Le nom d’Angela Gorgone était enterré profondément dans la mémoire collective du petit monde du hockey. Il a pourtant refait surface dans l’actualité, lundi, pour deux raisons. L’une réjouissante. L’autre, franchement moins.

En acceptant le poste de directrice générale adjointe des Canucks de Vancouver, la Québécoise Émilie Castonguay a succédé à Gorgone, première femme à avoir accédé à un poste aussi élevé dans la LNH. Voilà pour la portion positive de l’anecdote. Ce qui est un peu gênant, c’est que c’était aussi la dernière. Et que c’était il y a un quart de siècle.

Lorsqu’ils se sont joints à la LNH en 1993, les Mighty Ducks d’Anaheim étaient résolument l’équipe cool de l’heure. Il tombait donc sous le sens que ce soit cette franchise qui donne sa chance à une femme dans un poste important aux opérations hockey.

Après quelques saisons passées dans l’organisation des Devils du New Jersey, où elle occupait un emploi d’ordre administratif, Gorgone a donc déménagé ses pénates en Californie pour devenir coordonnatrice du recrutement des puissants canards. Trois ans plus tard, à l’aube de la saison 1996-1997, elle a été promue au titre d’adjointe au directeur général Jack Ferreira. Du jamais-vu.

La Presse a pu s’entretenir avec Mme Gorgone, lundi. Celle qui a quitté le hockey depuis des années a totalement changé de carrière. Elle est aujourd’hui propriétaire d’une pâtisserie en banlieue de San Francisco.

C’est d’ailleurs par la page Facebook de Bake My Day que nous l’avons retracée. Et on peut affirmer sans se tromper que la nomination d’Émilie Castonguay a bel et bien fait sa journée.

« Je suis survoltée ! a-t-elle dit d’emblée. Ce n’est facile pour personne, surtout pas pour une femme, d’accéder aux échelons les plus élevés de la LNH, alors j’applaudis cet accomplissement. Je lui souhaite toutes mes félicitations. »

Croire en elles

Les parcours d’Angela Gorgone et d’Émilie Castonguay, s’ils convergent vers le même point, ne se ressemblent pas vraiment.

Gorgone avait la jeune vingtaine quand elle a accepté son premier boulot chez les Devils, après des études en administration du sport. Elle a appris les rouages du métier au sein des organisations qui l’ont employée. Castonguay, elle, a fait des études en finances et en droit et a fait sa place comme agente de joueurs respectée avant de se joindre aux Canucks. Elle est aujourd’hui dans la fin de la trentaine.

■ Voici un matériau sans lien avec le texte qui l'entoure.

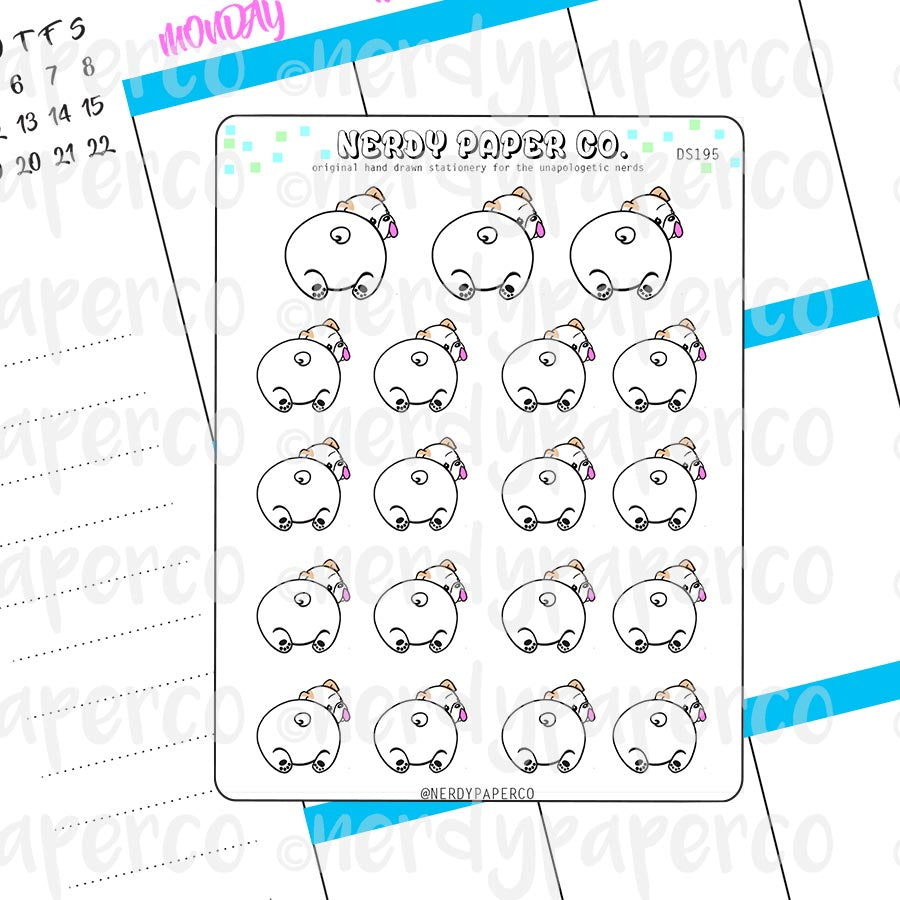 BUTTS BUTTS THEO - Hand Drawn Planner Stickers - DS195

Là où les deux histoires sont identiques, c’est que, dans un monde quasi exclusivement masculin, des dirigeants ont cru en elles.

Gorgone les énumère volontiers : Lou Lamoriello, Max McNab et Marshall Johnston chez les Devils ; Jack Ferreira et Pierre Gauthier chez les Mighty Ducks ; et David Poile, directeur général des Predators de Nashville, qui l’a nommée directrice des opérations hockey lorsque l’équipe s’est installée dans la ville du country, en 1997.

Toutes ces personnes, rappelle-t-elle, « ont été suffisamment avant-gardistes pour regarder au-delà du fait que j’étais une femme et se sont concentrées sur ma capacité à faire le travail ».

Elle se réjouit aujourd’hui que plus de femmes occupent des rôles de prestige dans la LNH. Elle cite spontanément en exemple Cammi Granato et Alexandra Mandrycky, respectivement dépisteuse professionnelle et directrice, stratégie et recherche, chez le Kraken de Seattle, ainsi que Hayley Wickenheiser, directrice sénior du développement des joueurs chez les Maple Leafs de Toronto.

Elle se dit néanmoins « surprise » qu’il ait fallu « 25 ou 30 ans pour que les femmes commencent à être considérées dans des postes aux opérations hockey comme ceux-là ».

Je ne veux pas parler pour Émilie ni pour personne d’autre, mais je parie qu’aucune d’entre nous n’a jamais eu comme but d’être la première femme à faire ceci ou cela dans la LNH.

Angela Gorgone

« Comme les hommes avant nous, nous étions passionnées par le hockey et avions la détermination d’en faire une carrière. On ne l’a pas fait pour la célébrité et surtout pas pour l’étiquette d’être une femme dans ce sport. Comme n’importe qui d’autre, nous voulions juste avoir la chance de prouver qu’on est à la hauteur. »

Lentement, mais sûrement, c’est ce qui est en train d’arriver. Enfin, pourrions-nous ajouter.